別れ

 乾燥した空気が吐く真白い息を奪うようにかき消していく。
 俺は一日欠かさず行う修練の為に暖まった体の汗を拭って、夜空を見上げた。
 太陽が昇らなくなった為に昼という存在は一日から消えてしまったが、夜というものがしっかりと存在する。つまり月は昇り星は輝くのだ。月光は太陽の代わりを果たせず日に日に真冬よりも寒さが厳しくなってはいるが、寒さに澄んだ空に浮かぶ満天の星空は闇に馴れつつある人々に眩しく映った。
 空が暗くなって初めて訪れた満月を眩しげに見上げた。太陽に負けない、星を消す明るい光だ。
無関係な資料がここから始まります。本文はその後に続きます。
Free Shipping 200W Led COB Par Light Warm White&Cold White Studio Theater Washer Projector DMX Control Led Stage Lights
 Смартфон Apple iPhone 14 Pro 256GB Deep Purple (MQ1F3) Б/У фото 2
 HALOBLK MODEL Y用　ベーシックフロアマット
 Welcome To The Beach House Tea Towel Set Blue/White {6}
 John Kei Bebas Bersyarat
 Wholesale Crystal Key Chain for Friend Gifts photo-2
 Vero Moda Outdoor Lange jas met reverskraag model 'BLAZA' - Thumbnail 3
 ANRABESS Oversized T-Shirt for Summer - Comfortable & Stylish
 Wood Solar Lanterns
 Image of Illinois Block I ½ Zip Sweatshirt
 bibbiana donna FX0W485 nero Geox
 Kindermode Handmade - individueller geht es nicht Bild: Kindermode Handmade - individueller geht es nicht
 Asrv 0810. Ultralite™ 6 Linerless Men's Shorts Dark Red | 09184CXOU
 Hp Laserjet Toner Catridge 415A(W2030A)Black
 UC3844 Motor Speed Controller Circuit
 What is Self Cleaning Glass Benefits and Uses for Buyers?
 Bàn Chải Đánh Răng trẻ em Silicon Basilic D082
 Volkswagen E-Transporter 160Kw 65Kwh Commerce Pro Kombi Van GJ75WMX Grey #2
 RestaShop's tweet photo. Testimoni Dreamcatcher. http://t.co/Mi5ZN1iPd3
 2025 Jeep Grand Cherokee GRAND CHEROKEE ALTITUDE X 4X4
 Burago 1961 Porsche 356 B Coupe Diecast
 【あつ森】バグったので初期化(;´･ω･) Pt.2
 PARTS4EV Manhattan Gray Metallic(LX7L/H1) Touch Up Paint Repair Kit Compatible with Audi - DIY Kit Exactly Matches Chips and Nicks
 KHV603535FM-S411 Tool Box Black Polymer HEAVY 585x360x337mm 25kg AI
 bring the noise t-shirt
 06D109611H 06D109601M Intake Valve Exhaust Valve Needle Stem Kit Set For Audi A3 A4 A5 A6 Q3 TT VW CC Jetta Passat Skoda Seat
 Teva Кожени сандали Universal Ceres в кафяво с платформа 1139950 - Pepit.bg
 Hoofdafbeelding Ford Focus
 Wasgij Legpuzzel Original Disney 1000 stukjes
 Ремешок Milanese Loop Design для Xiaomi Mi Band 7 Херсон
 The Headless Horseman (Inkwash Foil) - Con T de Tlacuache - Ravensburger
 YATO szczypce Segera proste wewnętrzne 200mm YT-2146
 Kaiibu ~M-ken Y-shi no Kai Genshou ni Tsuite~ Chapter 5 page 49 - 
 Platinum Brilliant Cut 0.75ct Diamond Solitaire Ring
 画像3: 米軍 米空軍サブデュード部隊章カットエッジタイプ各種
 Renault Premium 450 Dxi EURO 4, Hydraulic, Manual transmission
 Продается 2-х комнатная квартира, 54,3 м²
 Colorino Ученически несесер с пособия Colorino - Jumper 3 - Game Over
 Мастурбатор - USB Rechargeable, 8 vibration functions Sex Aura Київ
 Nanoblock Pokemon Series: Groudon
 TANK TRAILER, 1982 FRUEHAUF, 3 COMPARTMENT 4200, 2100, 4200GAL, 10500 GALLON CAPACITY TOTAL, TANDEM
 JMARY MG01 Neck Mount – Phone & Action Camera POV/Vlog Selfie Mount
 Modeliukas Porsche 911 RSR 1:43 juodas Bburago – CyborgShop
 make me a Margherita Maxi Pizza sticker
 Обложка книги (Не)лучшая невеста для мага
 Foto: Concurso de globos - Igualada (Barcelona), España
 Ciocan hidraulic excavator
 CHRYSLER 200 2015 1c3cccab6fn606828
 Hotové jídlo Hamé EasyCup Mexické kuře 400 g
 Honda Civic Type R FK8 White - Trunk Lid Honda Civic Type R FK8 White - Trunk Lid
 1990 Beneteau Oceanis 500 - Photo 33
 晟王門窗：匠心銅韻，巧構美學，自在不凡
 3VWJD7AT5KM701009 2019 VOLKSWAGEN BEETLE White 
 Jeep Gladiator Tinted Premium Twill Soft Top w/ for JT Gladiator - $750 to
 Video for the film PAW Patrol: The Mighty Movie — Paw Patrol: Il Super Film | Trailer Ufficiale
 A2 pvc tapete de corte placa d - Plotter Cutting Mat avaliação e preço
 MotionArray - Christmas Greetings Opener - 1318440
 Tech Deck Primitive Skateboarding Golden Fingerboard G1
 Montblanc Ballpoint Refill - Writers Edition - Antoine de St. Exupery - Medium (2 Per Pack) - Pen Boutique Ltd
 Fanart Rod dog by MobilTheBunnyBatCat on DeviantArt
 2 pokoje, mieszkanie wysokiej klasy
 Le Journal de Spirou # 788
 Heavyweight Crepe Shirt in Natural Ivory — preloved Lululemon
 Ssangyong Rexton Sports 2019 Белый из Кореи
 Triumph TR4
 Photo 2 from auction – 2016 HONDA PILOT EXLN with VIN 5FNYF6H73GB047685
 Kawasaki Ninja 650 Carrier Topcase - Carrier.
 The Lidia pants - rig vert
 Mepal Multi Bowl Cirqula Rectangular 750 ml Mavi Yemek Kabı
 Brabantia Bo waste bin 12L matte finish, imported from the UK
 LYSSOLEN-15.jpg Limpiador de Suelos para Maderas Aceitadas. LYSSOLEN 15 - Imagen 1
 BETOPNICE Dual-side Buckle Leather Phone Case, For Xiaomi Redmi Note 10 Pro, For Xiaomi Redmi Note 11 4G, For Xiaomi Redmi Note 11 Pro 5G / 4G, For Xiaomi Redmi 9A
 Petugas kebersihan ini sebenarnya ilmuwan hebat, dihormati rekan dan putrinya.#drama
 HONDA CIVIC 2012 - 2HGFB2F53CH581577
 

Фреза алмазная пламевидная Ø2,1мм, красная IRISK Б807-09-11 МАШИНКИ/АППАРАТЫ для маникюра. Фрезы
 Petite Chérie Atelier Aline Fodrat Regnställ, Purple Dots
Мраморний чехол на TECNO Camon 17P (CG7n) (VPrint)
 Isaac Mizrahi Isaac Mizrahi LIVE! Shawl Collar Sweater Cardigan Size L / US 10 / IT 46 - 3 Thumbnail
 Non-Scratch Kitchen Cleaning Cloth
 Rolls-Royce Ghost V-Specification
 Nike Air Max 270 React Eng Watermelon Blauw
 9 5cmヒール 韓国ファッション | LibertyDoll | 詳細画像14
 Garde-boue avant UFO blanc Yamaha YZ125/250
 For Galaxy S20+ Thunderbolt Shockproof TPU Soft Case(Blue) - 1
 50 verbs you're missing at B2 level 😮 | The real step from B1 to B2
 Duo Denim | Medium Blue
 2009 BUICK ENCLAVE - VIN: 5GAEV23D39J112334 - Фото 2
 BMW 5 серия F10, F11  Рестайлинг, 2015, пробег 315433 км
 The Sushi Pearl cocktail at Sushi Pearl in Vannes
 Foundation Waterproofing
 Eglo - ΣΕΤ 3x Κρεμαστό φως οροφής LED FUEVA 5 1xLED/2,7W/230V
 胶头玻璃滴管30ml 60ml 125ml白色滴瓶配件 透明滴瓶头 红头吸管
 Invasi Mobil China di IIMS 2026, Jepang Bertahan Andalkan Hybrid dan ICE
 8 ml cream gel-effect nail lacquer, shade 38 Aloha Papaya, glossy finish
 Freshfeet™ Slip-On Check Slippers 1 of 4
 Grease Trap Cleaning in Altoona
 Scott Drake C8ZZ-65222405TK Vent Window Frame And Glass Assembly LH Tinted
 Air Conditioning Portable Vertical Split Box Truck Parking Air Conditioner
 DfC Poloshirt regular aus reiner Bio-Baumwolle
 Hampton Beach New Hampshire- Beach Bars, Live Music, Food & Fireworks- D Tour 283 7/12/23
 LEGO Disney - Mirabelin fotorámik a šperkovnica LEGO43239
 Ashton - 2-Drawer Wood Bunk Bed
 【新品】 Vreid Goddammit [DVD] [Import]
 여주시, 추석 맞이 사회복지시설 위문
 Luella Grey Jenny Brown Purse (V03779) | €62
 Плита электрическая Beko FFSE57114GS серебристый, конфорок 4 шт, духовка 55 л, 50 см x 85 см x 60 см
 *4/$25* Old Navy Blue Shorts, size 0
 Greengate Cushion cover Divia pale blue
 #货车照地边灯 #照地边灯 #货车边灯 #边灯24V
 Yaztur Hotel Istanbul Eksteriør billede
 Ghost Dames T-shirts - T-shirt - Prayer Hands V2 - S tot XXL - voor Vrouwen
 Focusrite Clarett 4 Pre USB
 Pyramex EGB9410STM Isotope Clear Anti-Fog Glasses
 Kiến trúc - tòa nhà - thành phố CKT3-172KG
 光を反射して白亜の壁面が発光したかのように照り出される。見上げた城は絢爛豪華なラダトームとは違い、重厚な教会のような造りの竜王の城と呼ばれている城である。内装も外見の印象と全く同じく、アレフガルド最大級と言えるミトラ神教の教会そのものだ。ラダトーム大聖堂の倍はある聖堂が一階に控え、地下階は6階にも及ぶ広大な空間と居住スペースと保管庫が、地上階は執政を行うスペースに当てられている。
 そう、俺は今、この城にローラと共に滞在している。
 俺達が集めた『太陽の石』と『雨雲の杖』と『ロトの証』を分析し、『闇の衣』を突き抜ける『虹』の力を生み出さなくてはならないらしい。その為には当然相応の施設というのが存在しなくてはならず、それがこの城であったと言う訳だ。魔物の保管している情報は人間の貯蓄量を遥かに凌駕していて、ラダトームの施設では全く話にならないと言うイトニーの説明も頷くしかなかった。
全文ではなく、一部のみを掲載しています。